Sunday, January 17, 2016

At Least I'm Not as Sad as I Used to Be

Angelus: Now that's everything, huh? No weapons, no friends, no hope. Take all that away, and what's left?

Buffy: Me.
                    --Becoming, Part 2

I feel like my blog has given the impression that throughout this whole divorce ordeal, my life has been a party a minute, that I've been nothing other than thrilled to be footloose and fancy free, and while yes, there has been a lot of excitement and a lot of good, that's not the truth at all.
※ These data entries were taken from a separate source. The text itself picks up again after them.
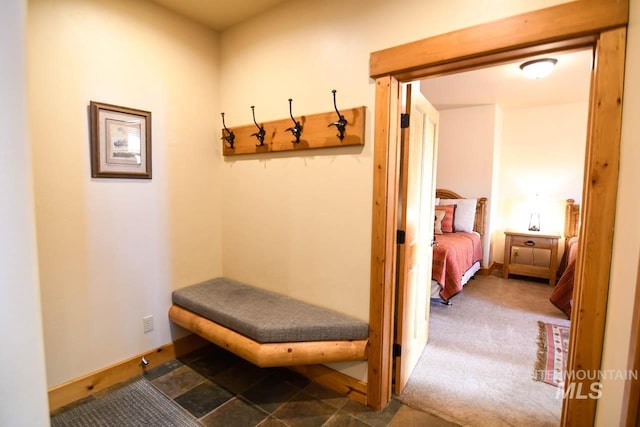 mudroom featuring baseboards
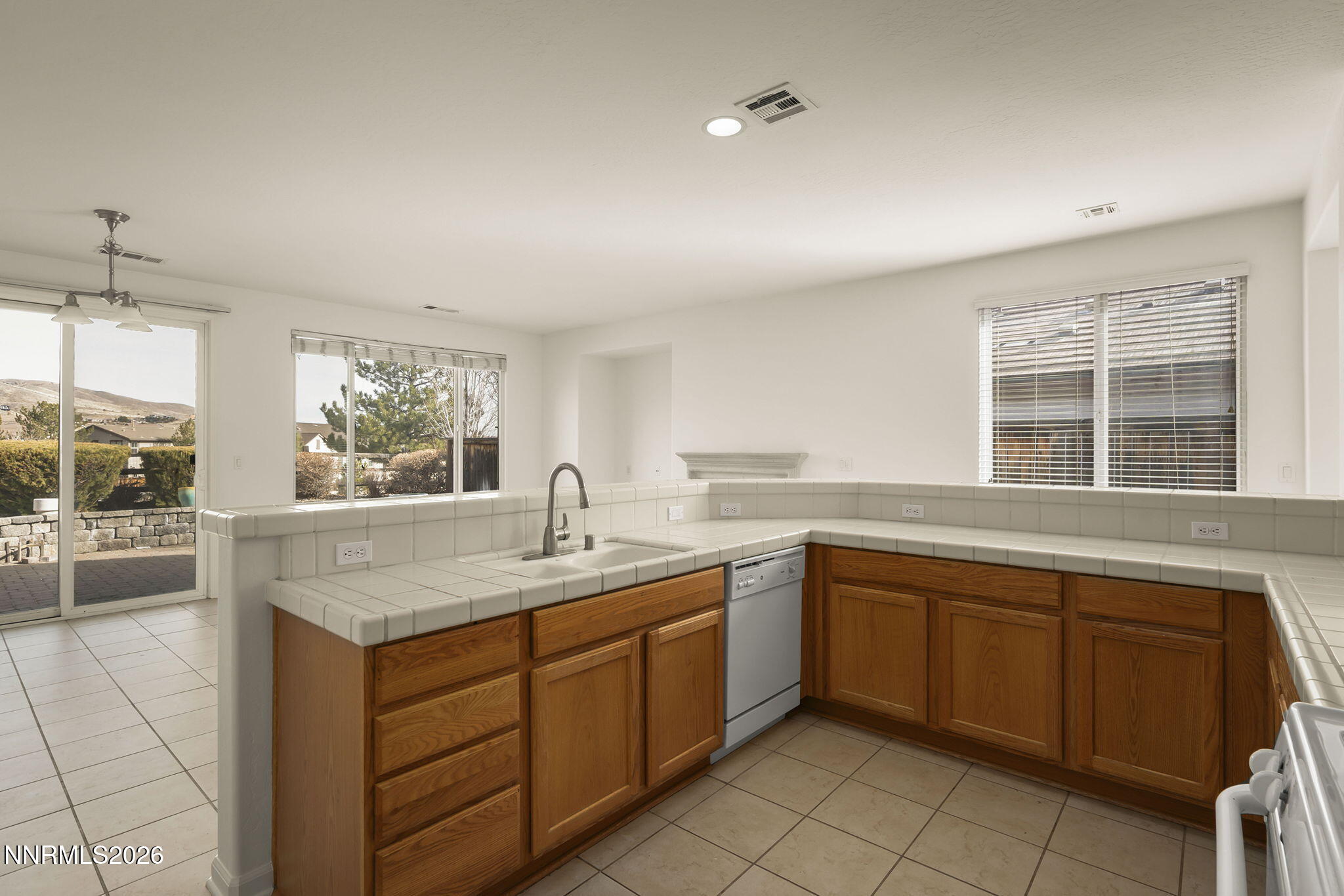 1710 Autumn Valley Way Reno, NV 89523 - Photo 11 of 25 a kitchen with a sink and cabinets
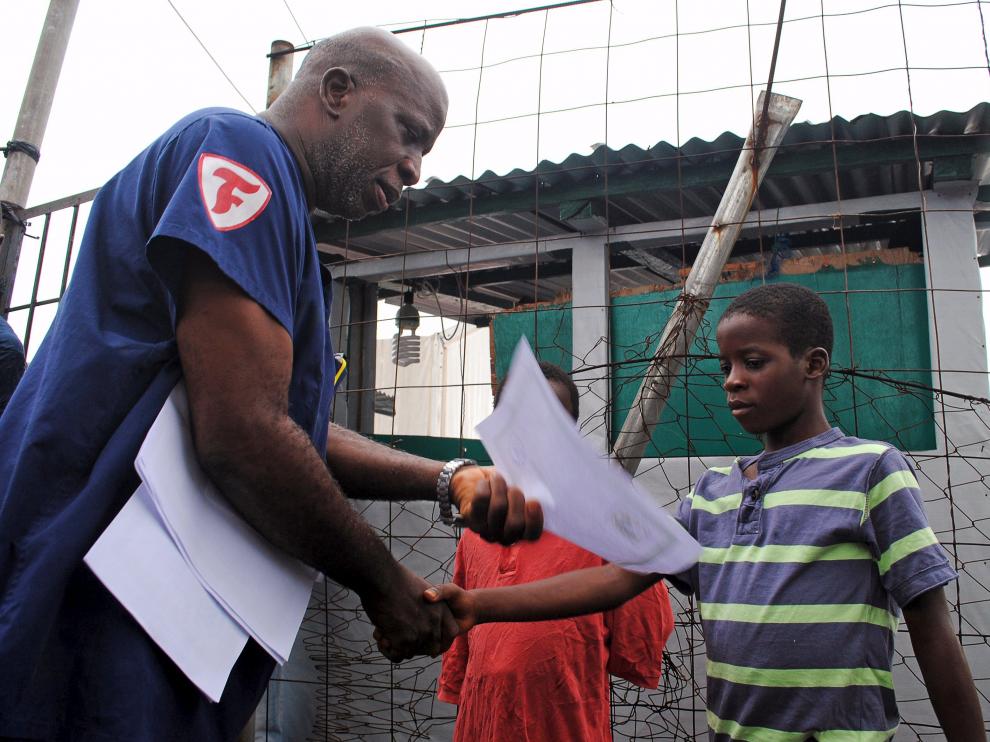 Un niño recibe en Liberia el certificado que acredita que está curado de ébola.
Much closer to the truth would be if I were to say I've had a hard couple of months. A really, really hard couple of months. No, few. Maybe even several. (Actually, just count back to August. That's how many months of hard I've had.) I haven't been able to write. I've barely been able to run. I stopped reading. My diet went to crap.
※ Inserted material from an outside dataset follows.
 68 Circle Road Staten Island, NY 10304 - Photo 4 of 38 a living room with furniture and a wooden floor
And it was all over a boy. Well, two boys, really. Possibly even three (but I don't like to admit that third one hurts at all, so we'll just pretend that he didn't, doesn't, and never will).

But those hard months? They're ending now. Albeit slowly, the sad chapter is coming to a close.

In mid December, I started running regularly again, and this year I'm on track to run 600 miles, which is 97 miles more than I ran this one. Here I am writing right this second. I read a book over Christmas break. I lost five pounds.

It took until the middle of January, but I'm finally in the mood to live.

Speaking of which...

As of today, I've been doing just that--l-i-v-i-n--for 41 years.

Today, the Earth has orbited the sun for the 41st time since I was born.

In other words, people, it's my birthday, and well, even though it's nothing like last year's

--I have no 5k to run, no chance of a PR.
--I have no one to send nearly naked pictures.
--I have no desire to have sex with everyone on the field at Miramar Regional Park.
--I have no Jordan Catalano wishing me a happy birthday at twelve on the dot.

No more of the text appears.